The news in Europe is increasingly dominated by clouds and fog. As Lidové noviny remarks, "the strange fog over the forest of Katyn has been followed by an even more bizarre cloud of volcanic ash." At the funeral of Polish President Lech Kaczynski and his wife on 18 April in Cracow, "the list of heads of state who were expected to attend quickly turned" into what Luboš Palata, editor of Czech daily, has dubbed "a no-show list." The ceremony, which was supposed to bring together political leaders from across the Union was transformed into "an Eastern European burial with just one star: Russian President Dimitri Medvedev."
"Yet again," the Icelandic cloud has divided the continent in two. And this time around, it is clearly more than an act of God," complains Palata. Austrian President Heinz Fischer "who only had to make a relatively short road journey to reach Cracow" opted to stay away, while Romanian President Traian Basescu traveled more than 1,000 kilometres by car to pay his respects – a feat only outdone by his Georgian counterpart Mikhail Saakashvili, who hired a small plane in the US to circumvent the volcanic cloud.

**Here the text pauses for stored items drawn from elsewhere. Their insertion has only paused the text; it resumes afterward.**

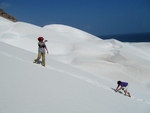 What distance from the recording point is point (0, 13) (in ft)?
184

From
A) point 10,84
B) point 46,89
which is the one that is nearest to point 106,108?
point 46,89

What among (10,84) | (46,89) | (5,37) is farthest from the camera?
(5,37)

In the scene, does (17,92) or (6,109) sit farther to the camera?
(17,92)

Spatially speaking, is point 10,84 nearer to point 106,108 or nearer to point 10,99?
point 10,99

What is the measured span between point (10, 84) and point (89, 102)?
8.59ft

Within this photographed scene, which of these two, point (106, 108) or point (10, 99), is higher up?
point (106, 108)

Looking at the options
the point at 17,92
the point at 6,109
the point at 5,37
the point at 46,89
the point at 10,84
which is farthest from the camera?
the point at 5,37

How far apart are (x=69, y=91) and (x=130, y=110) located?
244 centimetres

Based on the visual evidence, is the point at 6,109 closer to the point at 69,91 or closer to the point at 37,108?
the point at 37,108

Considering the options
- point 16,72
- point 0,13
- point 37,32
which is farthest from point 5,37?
point 0,13

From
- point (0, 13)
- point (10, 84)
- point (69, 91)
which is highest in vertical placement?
point (0, 13)

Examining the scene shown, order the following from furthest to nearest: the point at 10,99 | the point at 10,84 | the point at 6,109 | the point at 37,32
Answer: the point at 37,32
the point at 10,84
the point at 10,99
the point at 6,109

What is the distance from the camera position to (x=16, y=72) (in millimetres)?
7477

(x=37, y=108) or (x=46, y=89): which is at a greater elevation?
(x=46, y=89) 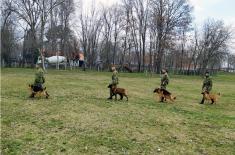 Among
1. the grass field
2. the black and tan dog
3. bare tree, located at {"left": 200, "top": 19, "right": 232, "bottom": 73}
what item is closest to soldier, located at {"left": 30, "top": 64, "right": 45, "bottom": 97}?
→ the black and tan dog

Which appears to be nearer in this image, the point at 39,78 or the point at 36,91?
the point at 39,78

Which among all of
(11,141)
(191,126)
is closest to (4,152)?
(11,141)

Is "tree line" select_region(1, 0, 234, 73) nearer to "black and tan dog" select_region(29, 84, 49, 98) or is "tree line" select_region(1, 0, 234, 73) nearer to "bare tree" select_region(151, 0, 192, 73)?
"bare tree" select_region(151, 0, 192, 73)

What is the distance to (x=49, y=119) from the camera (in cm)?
1327

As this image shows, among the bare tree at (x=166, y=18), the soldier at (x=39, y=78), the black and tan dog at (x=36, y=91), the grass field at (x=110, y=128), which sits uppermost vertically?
the bare tree at (x=166, y=18)

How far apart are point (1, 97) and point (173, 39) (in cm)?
4179

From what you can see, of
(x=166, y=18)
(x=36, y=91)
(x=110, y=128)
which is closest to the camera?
(x=110, y=128)

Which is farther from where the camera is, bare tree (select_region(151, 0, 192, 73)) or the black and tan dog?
bare tree (select_region(151, 0, 192, 73))

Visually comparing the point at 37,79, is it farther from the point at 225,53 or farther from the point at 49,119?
the point at 225,53

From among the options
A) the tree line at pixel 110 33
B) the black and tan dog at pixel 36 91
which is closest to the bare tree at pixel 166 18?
the tree line at pixel 110 33

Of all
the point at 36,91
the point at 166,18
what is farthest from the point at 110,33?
the point at 36,91

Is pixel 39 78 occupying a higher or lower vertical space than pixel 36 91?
higher

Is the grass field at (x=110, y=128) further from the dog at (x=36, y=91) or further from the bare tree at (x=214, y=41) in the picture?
the bare tree at (x=214, y=41)

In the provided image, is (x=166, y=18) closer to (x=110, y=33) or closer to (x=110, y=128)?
(x=110, y=33) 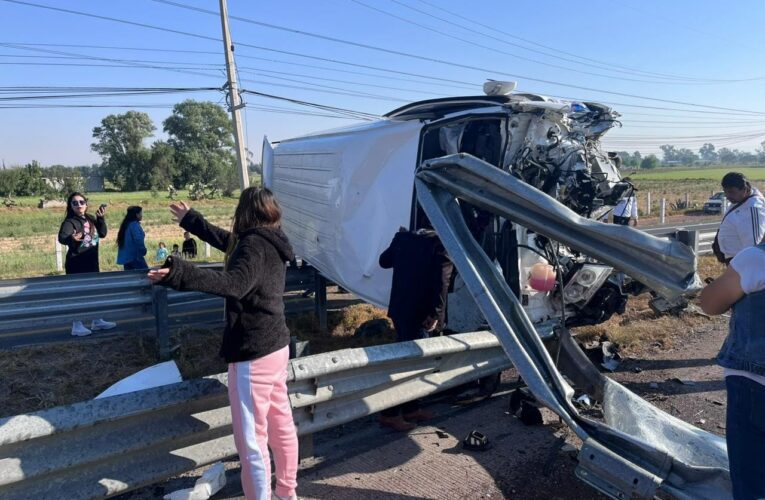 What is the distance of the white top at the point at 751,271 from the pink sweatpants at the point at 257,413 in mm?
2112

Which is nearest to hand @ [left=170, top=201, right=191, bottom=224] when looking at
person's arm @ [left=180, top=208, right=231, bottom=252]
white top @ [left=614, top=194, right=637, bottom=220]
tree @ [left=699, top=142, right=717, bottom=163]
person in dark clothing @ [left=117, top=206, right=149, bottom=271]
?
person's arm @ [left=180, top=208, right=231, bottom=252]

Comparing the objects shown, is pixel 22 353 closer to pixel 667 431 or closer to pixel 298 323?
pixel 298 323

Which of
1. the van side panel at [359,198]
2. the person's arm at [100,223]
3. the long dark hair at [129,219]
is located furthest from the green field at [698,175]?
the person's arm at [100,223]

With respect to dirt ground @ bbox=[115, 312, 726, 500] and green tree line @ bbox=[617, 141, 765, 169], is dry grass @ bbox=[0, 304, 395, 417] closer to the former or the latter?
dirt ground @ bbox=[115, 312, 726, 500]

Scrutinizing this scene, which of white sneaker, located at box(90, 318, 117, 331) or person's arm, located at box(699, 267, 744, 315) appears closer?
person's arm, located at box(699, 267, 744, 315)

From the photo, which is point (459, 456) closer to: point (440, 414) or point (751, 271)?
point (440, 414)

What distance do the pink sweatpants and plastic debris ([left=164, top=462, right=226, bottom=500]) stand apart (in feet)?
1.06

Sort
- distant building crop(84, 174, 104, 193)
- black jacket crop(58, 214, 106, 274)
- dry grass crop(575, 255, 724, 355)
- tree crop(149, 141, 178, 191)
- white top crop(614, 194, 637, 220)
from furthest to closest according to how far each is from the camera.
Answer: distant building crop(84, 174, 104, 193) < tree crop(149, 141, 178, 191) < black jacket crop(58, 214, 106, 274) < dry grass crop(575, 255, 724, 355) < white top crop(614, 194, 637, 220)

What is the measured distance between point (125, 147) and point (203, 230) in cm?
7774

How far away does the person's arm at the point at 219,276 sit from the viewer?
95.4 inches

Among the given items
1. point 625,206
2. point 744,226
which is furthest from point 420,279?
point 625,206

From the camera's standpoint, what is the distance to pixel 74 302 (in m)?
5.25

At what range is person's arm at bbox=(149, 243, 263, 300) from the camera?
242 centimetres

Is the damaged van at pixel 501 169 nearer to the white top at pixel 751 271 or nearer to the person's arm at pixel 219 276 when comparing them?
the white top at pixel 751 271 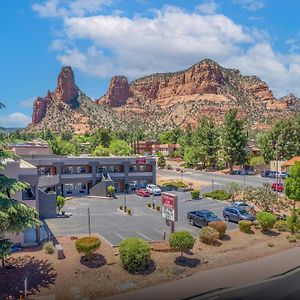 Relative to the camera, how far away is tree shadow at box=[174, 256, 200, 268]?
2489 centimetres

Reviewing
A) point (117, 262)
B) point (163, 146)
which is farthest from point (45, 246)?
point (163, 146)

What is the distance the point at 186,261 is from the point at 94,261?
5.86 metres

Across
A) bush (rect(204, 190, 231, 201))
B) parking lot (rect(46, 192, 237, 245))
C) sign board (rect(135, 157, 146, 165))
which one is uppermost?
sign board (rect(135, 157, 146, 165))

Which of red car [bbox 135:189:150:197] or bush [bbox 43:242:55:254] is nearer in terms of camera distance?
bush [bbox 43:242:55:254]

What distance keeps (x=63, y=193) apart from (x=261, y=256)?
111ft

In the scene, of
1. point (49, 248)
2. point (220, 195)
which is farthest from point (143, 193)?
point (49, 248)

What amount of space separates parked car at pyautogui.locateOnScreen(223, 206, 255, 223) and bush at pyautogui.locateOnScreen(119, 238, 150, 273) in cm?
1456

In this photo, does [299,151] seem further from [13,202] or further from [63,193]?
[13,202]

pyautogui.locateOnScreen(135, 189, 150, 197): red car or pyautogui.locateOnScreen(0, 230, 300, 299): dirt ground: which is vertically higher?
pyautogui.locateOnScreen(135, 189, 150, 197): red car

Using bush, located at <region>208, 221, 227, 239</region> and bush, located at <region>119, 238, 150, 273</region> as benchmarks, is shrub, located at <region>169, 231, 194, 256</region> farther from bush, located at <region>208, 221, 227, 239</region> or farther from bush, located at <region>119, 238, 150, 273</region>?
bush, located at <region>208, 221, 227, 239</region>

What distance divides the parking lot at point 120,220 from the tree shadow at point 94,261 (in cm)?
332

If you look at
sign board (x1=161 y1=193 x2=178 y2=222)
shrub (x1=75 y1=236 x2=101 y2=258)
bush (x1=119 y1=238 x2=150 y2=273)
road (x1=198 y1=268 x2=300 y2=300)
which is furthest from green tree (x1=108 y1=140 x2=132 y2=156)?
road (x1=198 y1=268 x2=300 y2=300)

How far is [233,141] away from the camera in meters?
80.4

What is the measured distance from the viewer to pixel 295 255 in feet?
89.6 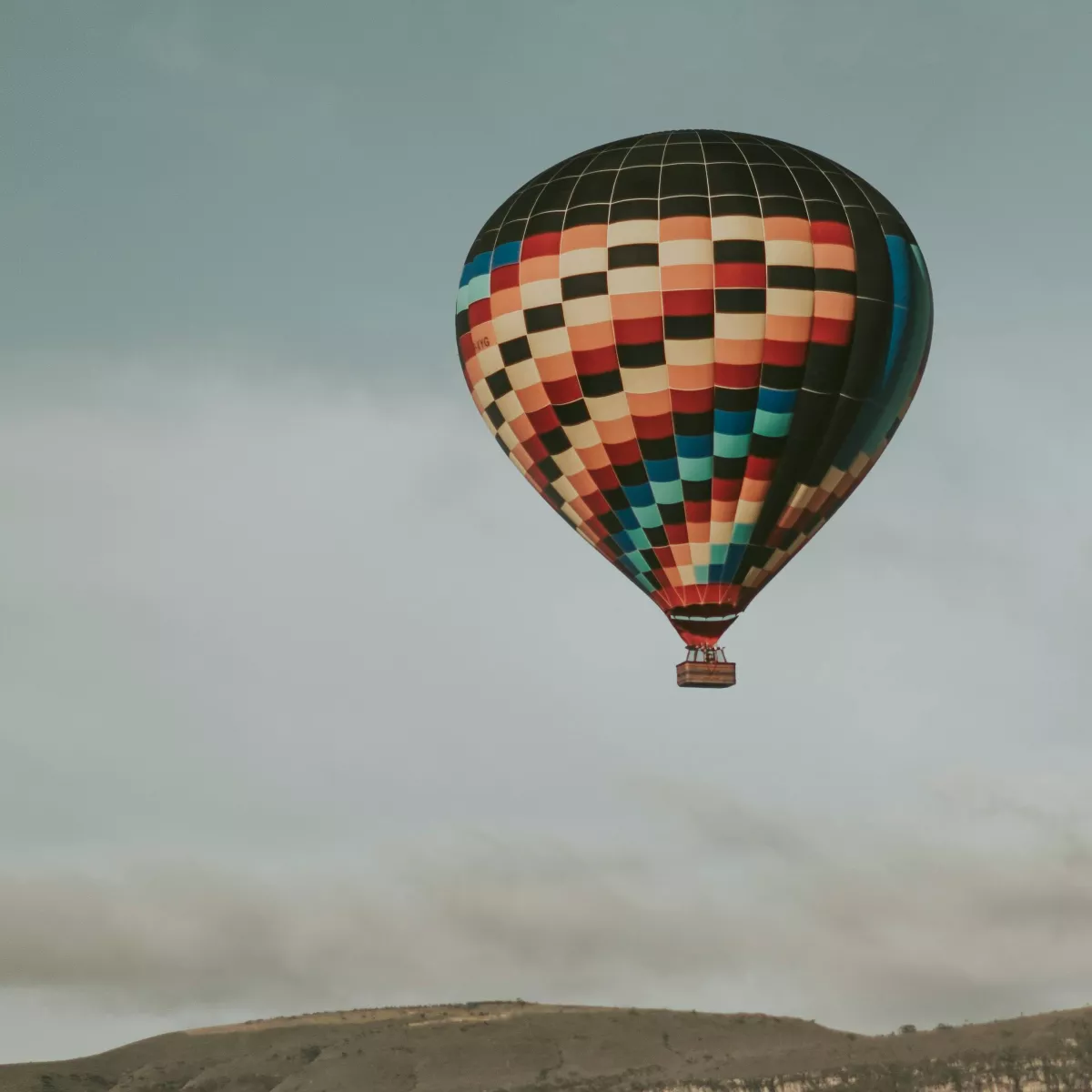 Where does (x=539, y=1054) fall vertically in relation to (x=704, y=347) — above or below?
above

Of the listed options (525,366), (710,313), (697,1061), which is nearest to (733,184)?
(710,313)

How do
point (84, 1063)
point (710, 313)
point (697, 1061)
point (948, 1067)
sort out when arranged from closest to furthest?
point (710, 313)
point (948, 1067)
point (697, 1061)
point (84, 1063)

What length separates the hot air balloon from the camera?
4541 cm

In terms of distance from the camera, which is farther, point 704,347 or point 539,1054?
point 539,1054

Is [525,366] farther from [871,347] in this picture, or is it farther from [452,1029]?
[452,1029]

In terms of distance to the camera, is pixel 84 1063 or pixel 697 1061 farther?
pixel 84 1063

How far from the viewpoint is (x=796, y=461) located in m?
46.3

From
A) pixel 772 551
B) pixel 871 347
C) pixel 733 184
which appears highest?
pixel 733 184

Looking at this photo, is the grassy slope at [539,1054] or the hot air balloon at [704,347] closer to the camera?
the hot air balloon at [704,347]

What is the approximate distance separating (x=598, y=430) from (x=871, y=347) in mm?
6291

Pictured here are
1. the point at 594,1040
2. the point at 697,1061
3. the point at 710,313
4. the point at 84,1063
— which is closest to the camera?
the point at 710,313

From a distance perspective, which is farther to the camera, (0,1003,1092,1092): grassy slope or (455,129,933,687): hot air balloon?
(0,1003,1092,1092): grassy slope

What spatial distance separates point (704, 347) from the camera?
149 ft

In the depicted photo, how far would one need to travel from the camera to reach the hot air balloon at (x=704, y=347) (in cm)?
4541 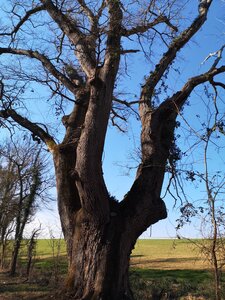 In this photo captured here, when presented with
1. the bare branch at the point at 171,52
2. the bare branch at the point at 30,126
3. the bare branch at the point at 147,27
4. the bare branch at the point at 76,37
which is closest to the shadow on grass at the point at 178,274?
the bare branch at the point at 30,126

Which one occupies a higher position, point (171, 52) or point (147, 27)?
point (147, 27)

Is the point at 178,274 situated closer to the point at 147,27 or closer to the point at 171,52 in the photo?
the point at 171,52

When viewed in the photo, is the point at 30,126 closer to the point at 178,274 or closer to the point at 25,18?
the point at 25,18

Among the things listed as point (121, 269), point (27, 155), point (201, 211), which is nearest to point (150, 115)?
point (201, 211)

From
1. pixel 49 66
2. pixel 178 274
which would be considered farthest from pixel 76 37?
pixel 178 274

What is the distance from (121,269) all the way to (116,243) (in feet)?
1.49

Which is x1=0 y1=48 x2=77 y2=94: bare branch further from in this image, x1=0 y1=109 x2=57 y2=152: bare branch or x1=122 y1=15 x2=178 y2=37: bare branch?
x1=122 y1=15 x2=178 y2=37: bare branch

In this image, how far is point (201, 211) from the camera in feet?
23.2

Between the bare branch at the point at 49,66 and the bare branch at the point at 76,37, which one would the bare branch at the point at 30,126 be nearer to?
the bare branch at the point at 49,66

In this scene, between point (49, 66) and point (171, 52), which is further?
point (49, 66)

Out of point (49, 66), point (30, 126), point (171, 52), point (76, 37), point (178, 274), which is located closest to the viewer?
point (76, 37)

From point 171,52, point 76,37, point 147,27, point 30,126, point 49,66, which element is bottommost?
point 30,126

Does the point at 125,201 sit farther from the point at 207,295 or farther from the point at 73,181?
the point at 207,295

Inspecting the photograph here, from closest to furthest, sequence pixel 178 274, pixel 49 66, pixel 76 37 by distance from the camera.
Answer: pixel 76 37, pixel 49 66, pixel 178 274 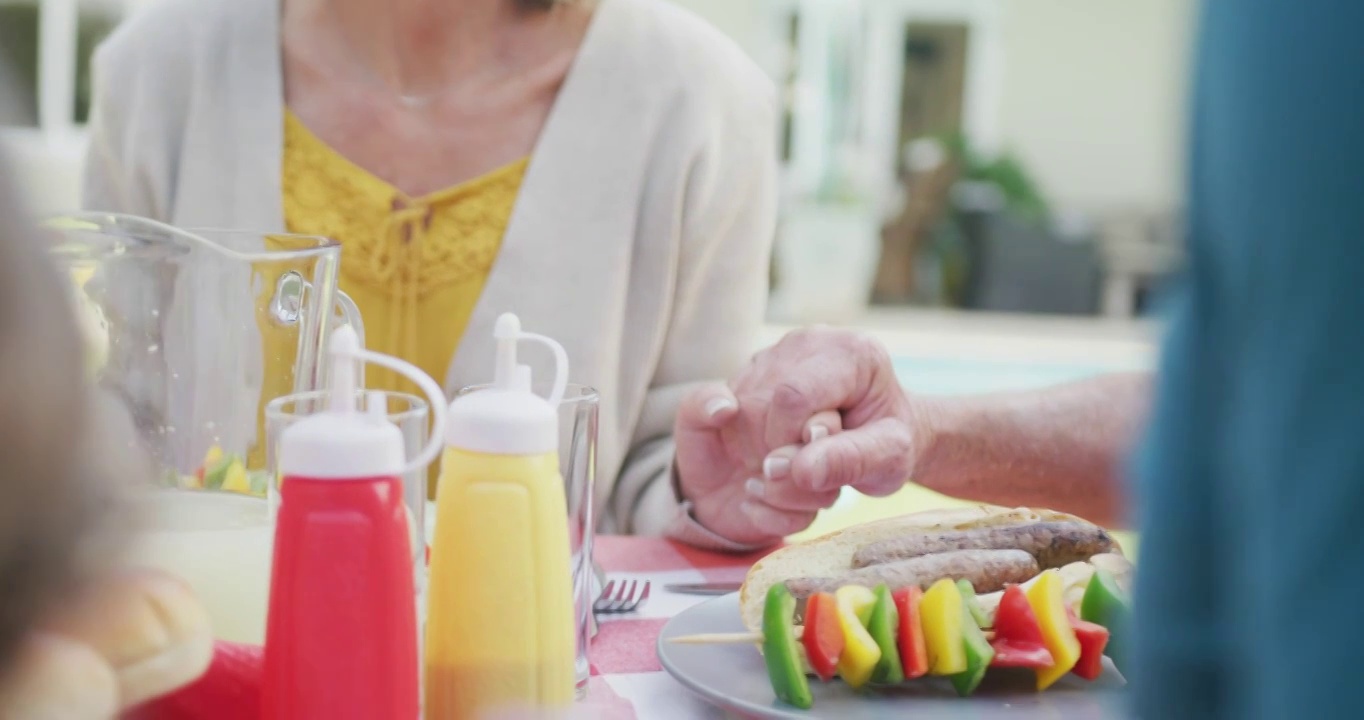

Terrestrial transport inadequate
This marked difference in the behaviour of political leaders is a reflection of a more concrete problem raised in the columns of Estonian daily Postimees by European Commission Vice-President responsible for Transport, Siim Kallas. "The interruption of air services has highlighted the inadequacy of terrestrial transport infrastructure within Europe," explains Hendrik Hololei, who notes that "as it stands, insufficiently developed terrestrial transport from Eastern to Western Europe is effectively limiting the free movement of goods and people. For proof of this fact, you only have to consider the situation of NATO and European Union member Estonia – a state that is already included in the Schengen area and likely to become a member of euro zone in the near future – which is still dependent on Russian rail and energy distribution infrastructure."
Noting that a number of previous European Commissioners for Transport have attempted to improve links with external countries, particularly in Africa, Hololei argues for a more down-to-earth approach that would make internal European problems the priority.
EU must mobilise
However in the short term, Northern and Southern Europe have also been separated by the Icelandic ash cloud – a fact that has prompted Denis MacShane to call on the EU to mobilize to provide assistance to its citizens. Writing in the columns of The Independent, the former Blair cabinet minister of state for Europe insists that "the EU representation offices must leave their comfortable capital city bureaux and go to where EU citizens need help. Local university students who speak the foreign languages of stranded citizens can travel to help monolingual people. Military and naval forces must be mobilised to arrive in remoter areas of the EU like the Canary Island where thousands of German, British, Dutch and Nordic holidaymakers are isolated."
MacShane adds that "if air flights continue to be suspended the EU should commandeer train and coach services to maintain links between the north and south of the continent. Flights from north and south America have to be diverted to Barcelona and Milan with special trains to take people, goods and letters to the north. Autoroutes should be cleared to allow special convoys to maintain contact."